- Born: 1955
- Occupation: Politician

= Jakob Büchel =

Liechtenstein politician

Jakob Büchel (born 1955) is a politician from Liechtenstein and the former leader of the Patriotic Union (VU). Büchel was named leader of the VU on 26 September 2011 at a party convention in Balzers, to succeed then-leader Adolf Heeb.

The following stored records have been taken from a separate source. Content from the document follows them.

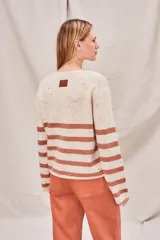 Sweater de punto color crema, de calce al cuerpo, con mangas largas y diseño minimalista.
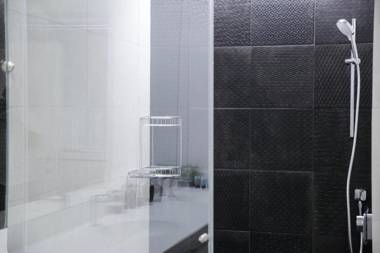 YalaRent Midtown towers TLV - families only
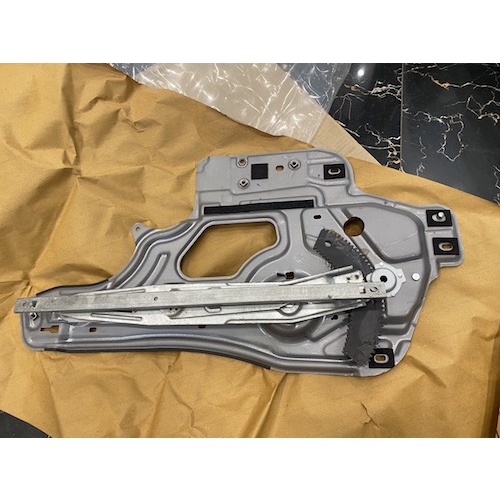 Compa lên xuống kính Hyundai Santafe Gold chính hãng 8240526000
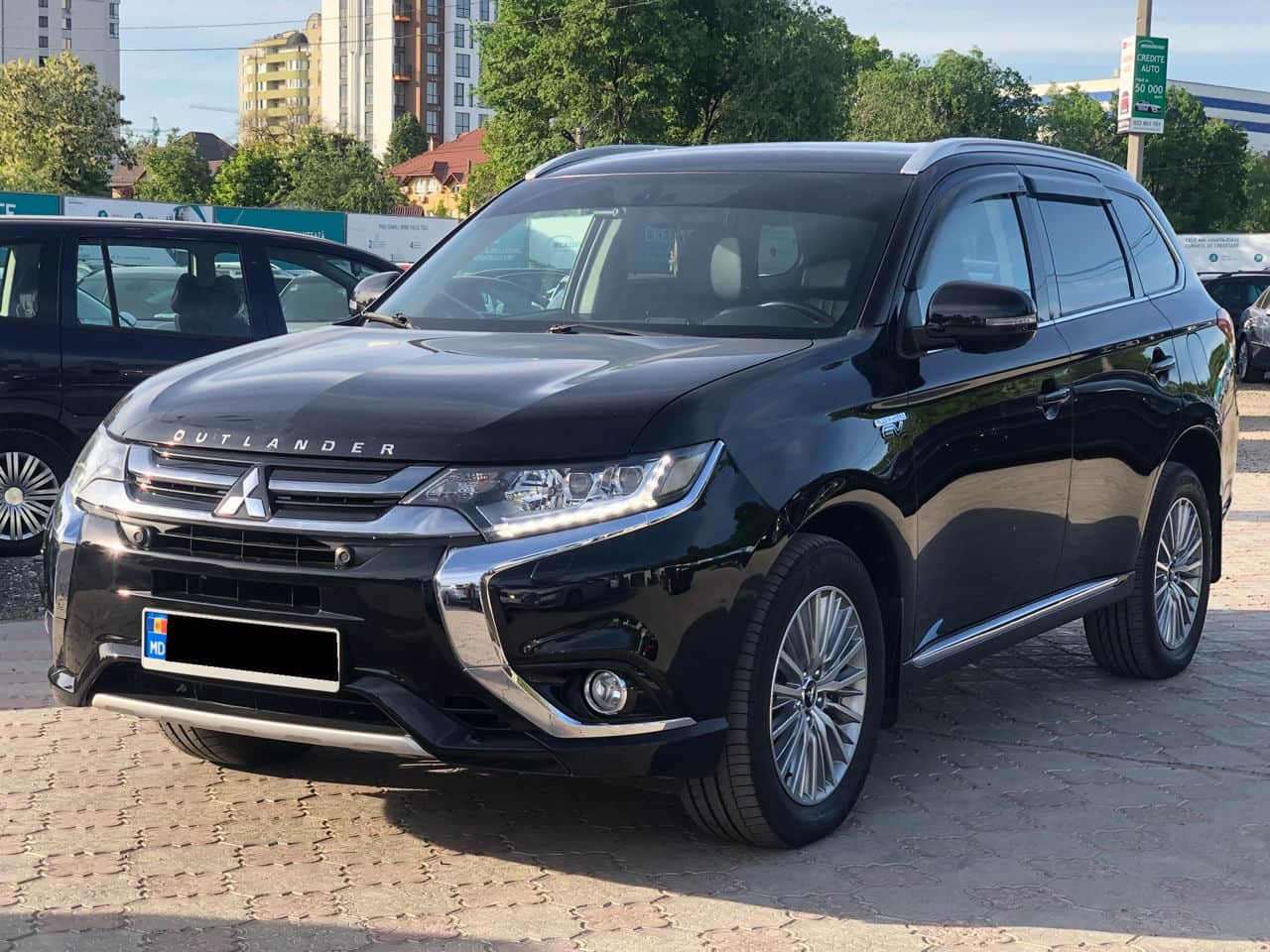Mitsubishi Outlander 2016
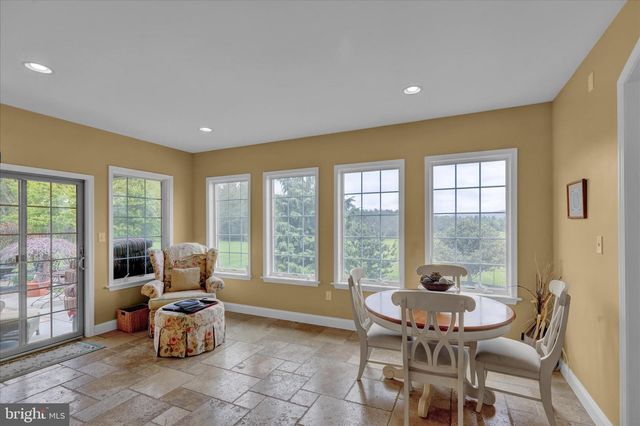 3 BEECHWOOD DR, Shoemakersville, PA 19555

Prior to his election as party leader, Büchel was active in municipal politics. He served as the Gemeindevorsteher (Mayor) of the municipality of Ruggell from 1999 to 2007. From 2008 to 2011 he was president of the Liechtenstein Sports Commission.

==Biography==
Büchel grew up in a farming family with eight siblings. He completed a commercial apprenticeship at the Liechtensteinische Landesbank, then graduated with a federal banking diploma and attended management courses. From 1973 to 1999 he was employed by the LLB (from 1992 as Vice Director), and from 2008 to 2011 by the Office of Economic Affairs. Büchel was a member of the local council from 1987 to 1995 and was mayor of Ruggell from 1999 to 2007.

At the VU party congress in Balzers on September 26, 2011, Büchel was elected to succeed Adolf Heeb. From 2008 to 2011, he was president of the Liechtenstein Sports Commission. In November 2015, he was succeeded as party president by Günther Fritz.